Dylan Moran is an energetic man. When we speak, he’s whizzing around the Lake District trying out material (“to scare myself”) before he embarks on his extensive Off the Hook tour. But the one place you won’t find him is on any kind of panel show. Maybe it’s because he’s Irish, he explains, but he just can’t abide what he sees as a peculiarly British trait: “There’s an institutionalised love of games, an institutionalised passion for parlour games, a kind of ludic obsession with passing time in a non-threatening way. And that just gives me the screaming heebie-jeebies, the vapours; it makes me want to shriek, running over the hills, picking up my clothes.

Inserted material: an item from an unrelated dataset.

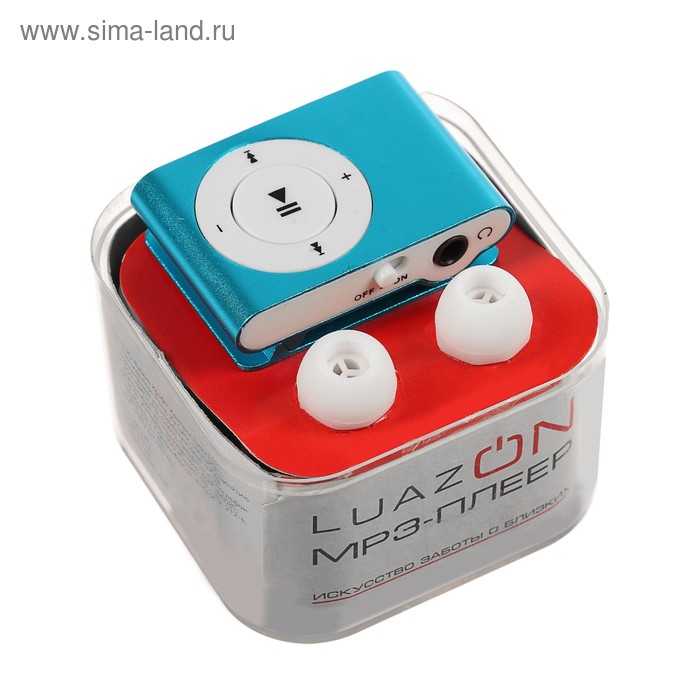 MP3-плеер LuazON LMP-03, АКБ, MicroSD, MiniUSB 5pin, наушники вакуумные, голубой - Фото 1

I have an absolute horror of that… people sitting around on the radio making puns; the panel shows where you get a load of blokes who are trying to out-monkey each other, and the room is throbbing with testosterone and hatred for other people and for themselves. I cannot take it.”
Lucky, then, that the 43-year-old comedian, who grew up in West Meath, in the Irish midlands, and now lives in Edinburgh with his wife and two children, loves live work – or, as he describes it, “when you find out what it is you’re after”. Having just returned from Lithuania, he’ll be on the road in the UK from now until the end of May, with tours planned for Ireland, mainland Europe, Australia and the US.

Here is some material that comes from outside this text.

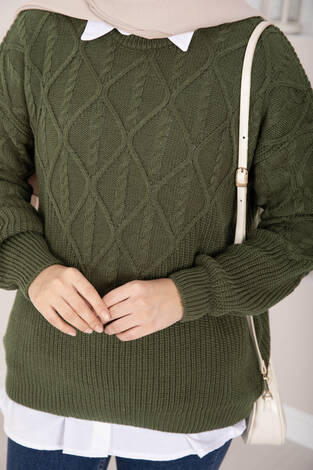 Saç Örgü Desenli Triko Kazak Haki - Thumbnail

Part of the enjoyment is meeting comedians from other countries; at last year’s Edinburgh festival, Moran, Eddie Izzard and promoter Mick Perrin brought a group of comedians over from Germany, Italy and France to perform for the first time in English.

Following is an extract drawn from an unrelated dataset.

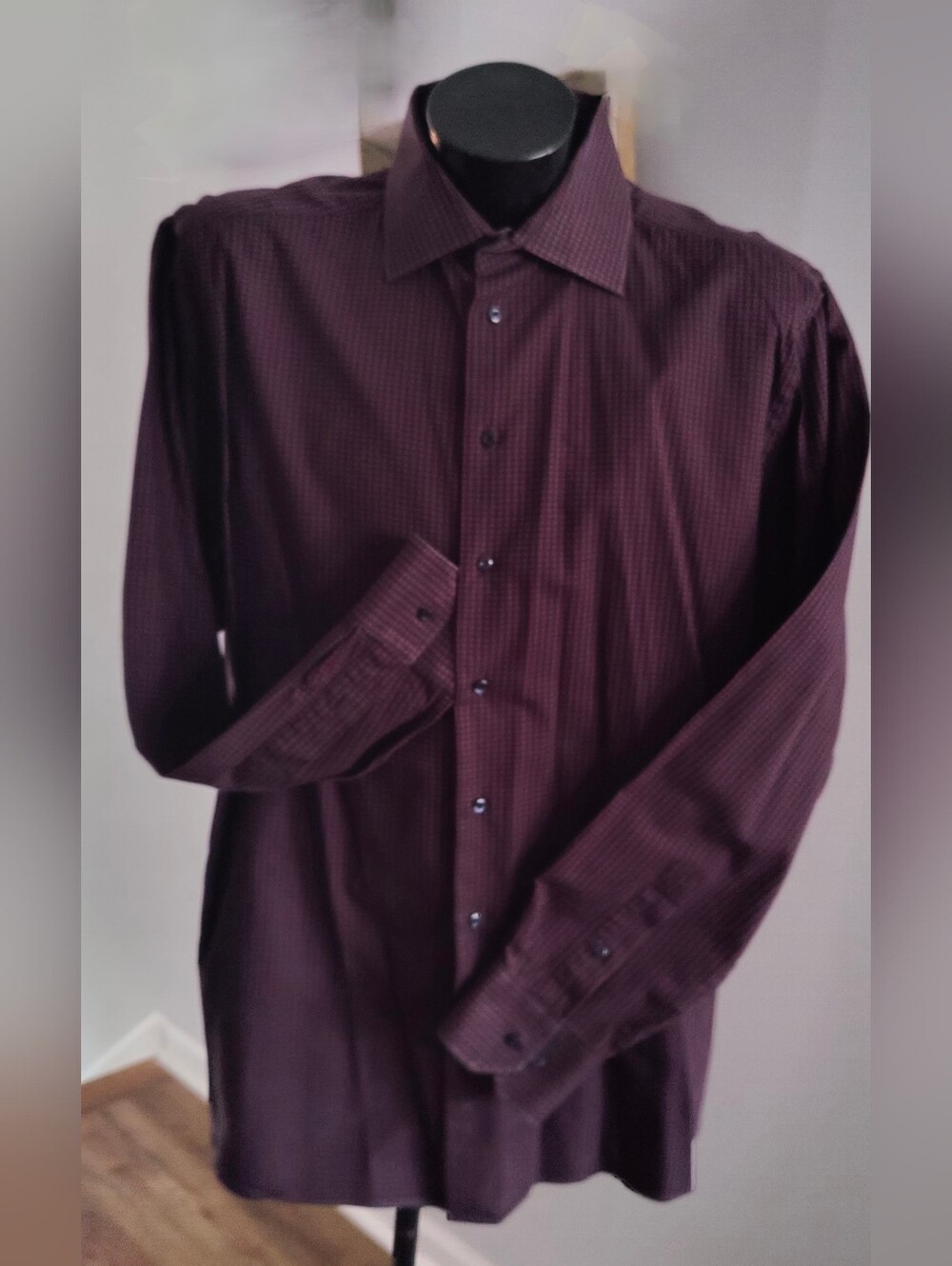 Toscano Men's Long-Sleeve Dress Shirt - Burgundy Blue Plaid Sz XL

Edinburgh is where things really got going for Moran, who at 24 was the youngest-ever winner of the Perrier comedy award, back in 1996. It was a stellar start to a career that went on to encompass Black Books, the Channel 4 sitcom that saw Moran create and play the miserabilist bookshop proprietor Bernard Black, as well as parts in films such as Notting Hill, Shaun of the Dead and Calvary.
“When I started [in comedy], it was like putting ‘pirate’ in your career-choice box,” he says, explaining that the tail-end of 1980s comedy, with its influences from America, was still “very exciting and fresh and rebellious”. Now, he concedes, referring to the rise of stadium tours and DVDs, it’s a little more “like when the chain shops pop up around the country”.
That’s why he likes to stay under the radar. He’s still winnowing material for Off the Hook, for which he’s written and illustrated some pamphlets that he describes as “squibs”. He’s unsure that there’s an overarching theme to the tour beyond, perhaps, the vantage point of his time of life. “I don’t imagine I’m alone in having over the past few months – maybe years, even – felt like I have to check with my friends and peers all the time that this [stage of my life] is quite as extraordinarily unstable and mad and changeable as it seems to me it is,” he explains. “Because a lot of the time people wonder, is that just my age, is that just time passing by, and me being more aware of what’s going on everywhere?”
I ask him how the instability of the times – and the threats faced by freedom of speech and satire – has affected what comedians do. “You don’t have any choice,” he replies. “You just have to laugh at it. The alternative is saying nothing, going quiet… That’s not going to happen.”